Adolescence finally caught up with her, serving up fresh complications. The shoulders broadened instead of the hips and the voice deepened instead of the bust popping. She attracted girls instead of boys. She knew she needed answers so her grandmother took her back to the doctors.
The doctors were now clearer about the diagnosis; male pseudo-hermaphroditism. This is a condition where a person possesses the XY chromosomes, hence genetically male, but the genitalia fail to develop as expected. This may result from a genetic abnormality, damage to the embryo (teratogenic injury), or defects in the synthesis of testosterone or its action and that of its metabolite, dihydrotestosterone.
During foetal development, the testicular tissue is formed by week 10 of pregnancy. It produces testosterone, which is responsible for the development of the actual testis, the vas deferens, epididymis and the seminal vesicles. Testosterone is converted into dihydrotestosterone by a special enzyme called 5-alpha reductase. Dihydrotestosterone causes development of the penis, scrotum and prostate gland. At puberty, testosterone is directly responsible for the development of secondary sexual characteristics. For Waithera, the testosterone formed just fine, but the 5-alpha enzyme was either inadequate or did not work properly.

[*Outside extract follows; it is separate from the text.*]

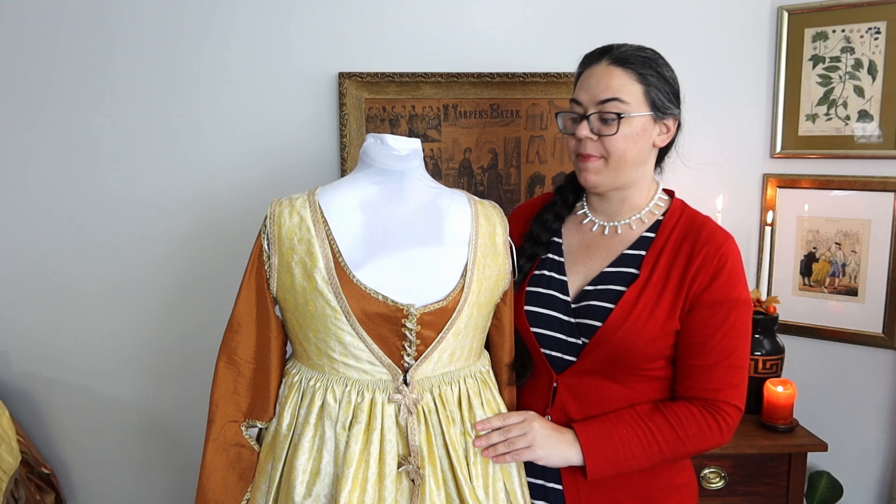This is a Venetian styled gown that dates to about 1490 to 1500. During this period, even within Italy, each individual city-state had specific styles. This one was focused on Venice, and I'm going to make another Venetian gown because it was really easy, I really like the style, and it's the thing I've done the most research on.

In such cases, the development of the external genitalia is not completed, resulting in genitalia that appears male-like but not fully developed, with a smaller penis, separate labia majora instead of a scrotum, and a small, blind vaginal opening. There is no womb or ovaries. At puberty, the testosterone kicks in and secondary male characteristics.
It was such a relief to know exactly what was different about her. Mary Waithera went on to complete high school but it was time to bid her farewell and embrace the new person; James Karanja. The doctors suggested genital surgery but James has never felt the need for it.

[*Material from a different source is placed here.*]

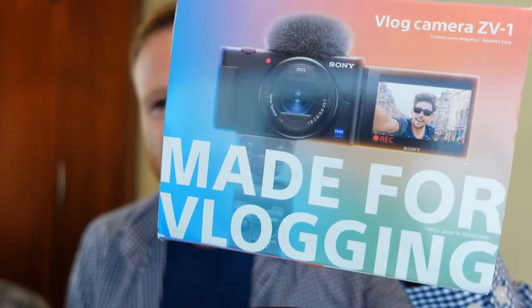Hi guys, welcome to the latest teacher tech video on the Black Lodge. Today we're going to be looking at Sony's new vlogger camera, the ZV1. This camera costs about 800 euro. It's designed for vlogging, it's got a flip-out screen so you can see yourself when you're recording. The big question is: how well does it perform and should you order one for yourself?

Finding James was not as smooth as he thought. He ditched the skirts for pants and felt alive. The village was confused. The transition was rough; he suffered assault and humiliation by being stripped in public. His national identity card reads James but his school certificates read Mary. It was almost impossible to enroll into the university. Thrice, he attempted to end his life.

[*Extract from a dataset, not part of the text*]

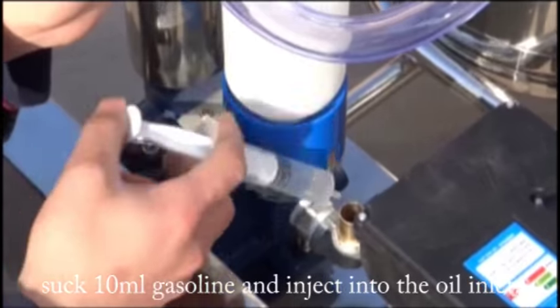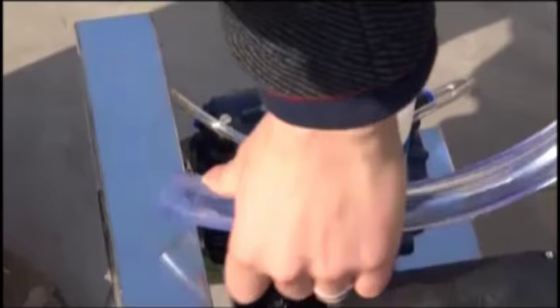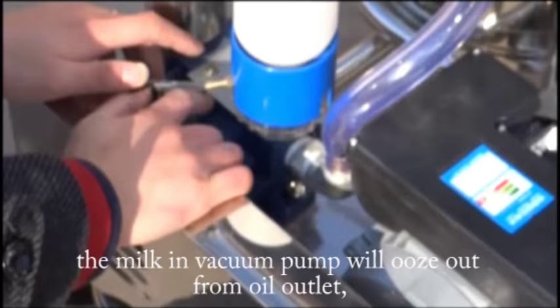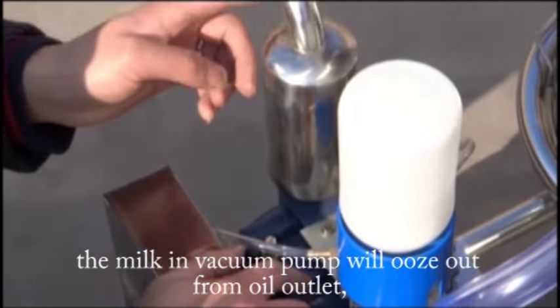Suck 10ml gasoline and inject it into the oil inlet, then rotate the pulley slowly by hand. The milk in the vacuum pump will ooze out from the oil outlet.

It is astounding the things we take for granted in Kenya that remain a daily struggle for intersex persons. The inability to be identified as an intersex person in the registration of birth, for example, led to the filing of a suit in court for ‘Baby A’ in 2014 since she was unable to get a birth certificate.
Adolescence coincides with high school, making it tricky to join a boarding school. Where do intersex persons get accommodated while in police custody? This was demonstrated in the case of RM vs the Attorney General and others. Even worse is the unspoken perennial societal curiosity into one’s sexual life.
For ages, doctors the world over recommended that intersex children be raised as female and undergo surgery to identify them as female. Despite limited statistics, it is clear that adolescence is the only true litmus test of what the child prefers to grow into. It means that surgeries performed earlier may result in dramatic gender identity crises later.
How can the medical fraternity help James? There is urgent need to amend Cap 107: The Registration of Persons Act, to include intersex persons. This will allow us to assign this gender without barriers. Counsel parents to give their children gender-neutral names which they can keep even when they lean towards one gender. Avoid unnecessary surgery, especially before the person establishes a gender identity, and educate the public about the condition to minimise stigma.
Today James is grateful to be alive. Through his foundation, Intersex Kenya, he enjoys a few extremely significant gains – his passport status, and the fact that the 2019 Census actually documented the intersex gender.